TASK DIRECTIONS
Below this task are records; return each one exactly and omit its images.

==============================

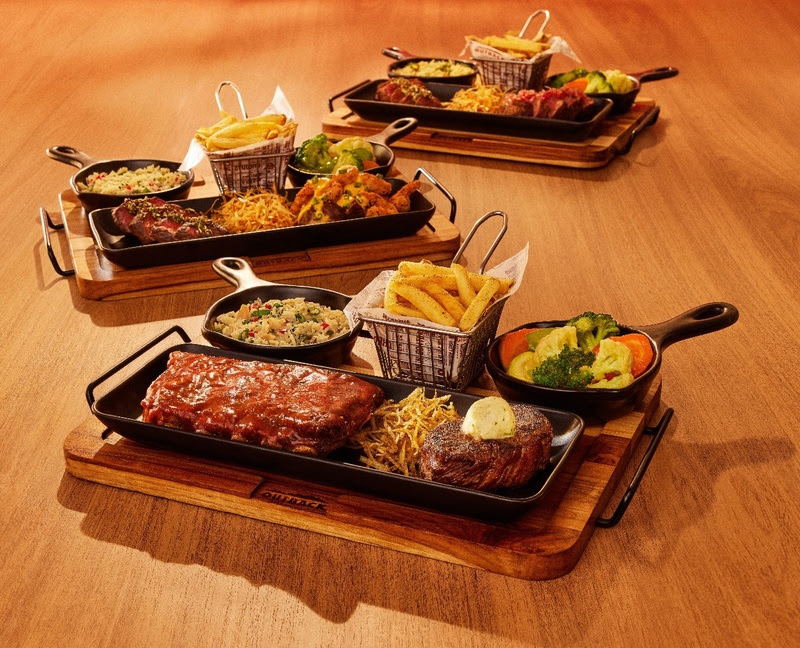 Celebre o Dia das Mães no Outback e Abbraccio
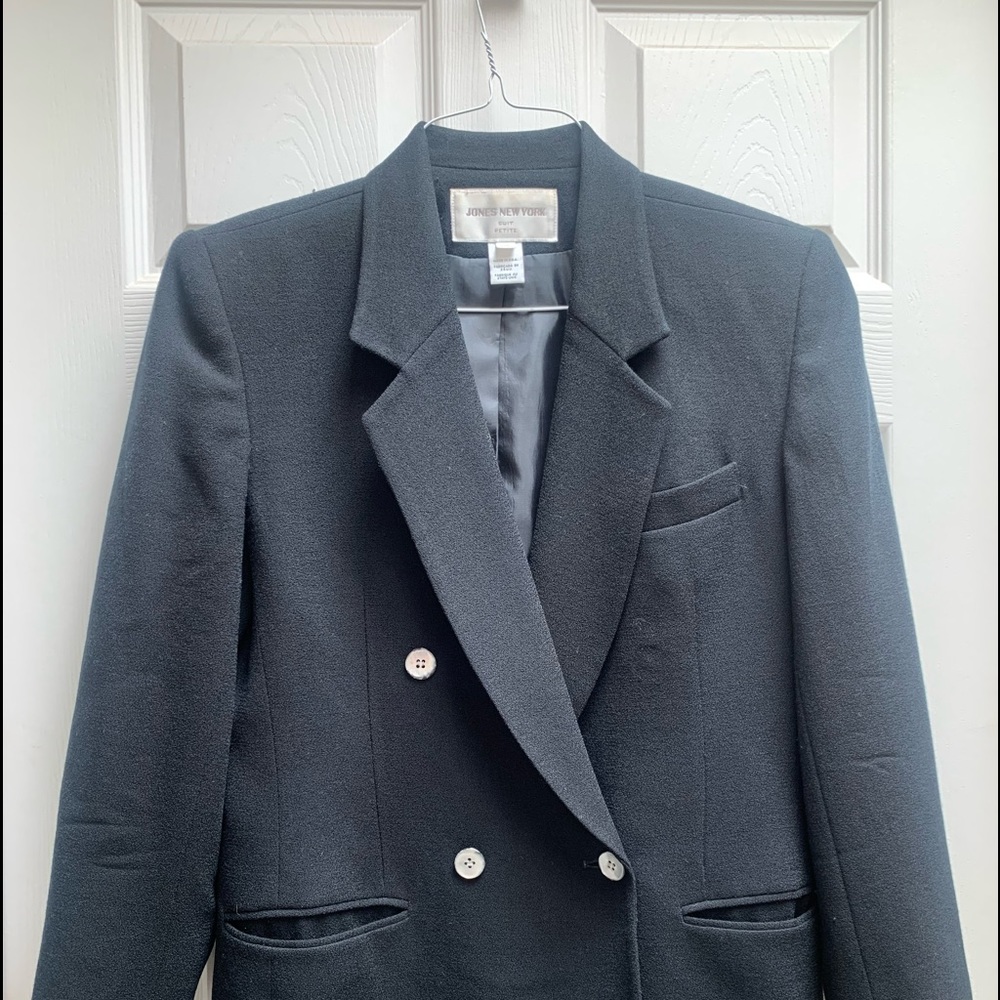 Jones of New York wool jacket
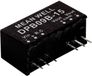 MW Mean Well DPB09B-15 DC/DC-convertermodule 300 mA 9 W Aantal uitgangen: 2 x Inhoud 1 stuk(s)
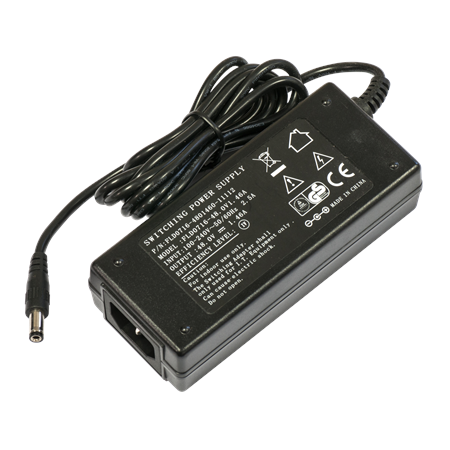 MikroTik 48V 1.46A 70W Power Adapter and Power plug | 48POW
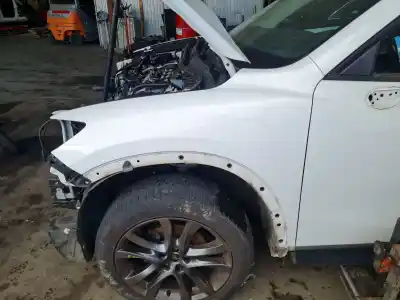 Автозапчасти б/у левое переднее крыло за mazda cx-5 luxury 4wd ссылки oem iam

==============================

RESPONSE TO THE TASK
 Celebre o Dia das Mães no Outback e Abbraccio
 Jones of New York wool jacket
 MW Mean Well DPB09B-15 DC/DC-convertermodule 300 mA 9 W Aantal uitgangen: 2 x Inhoud 1 stuk(s)
 MikroTik 48V 1.46A 70W Power Adapter and Power plug | 48POW
 Автозапчасти б/у левое переднее крыло за mazda cx-5 luxury 4wd ссылки oem iam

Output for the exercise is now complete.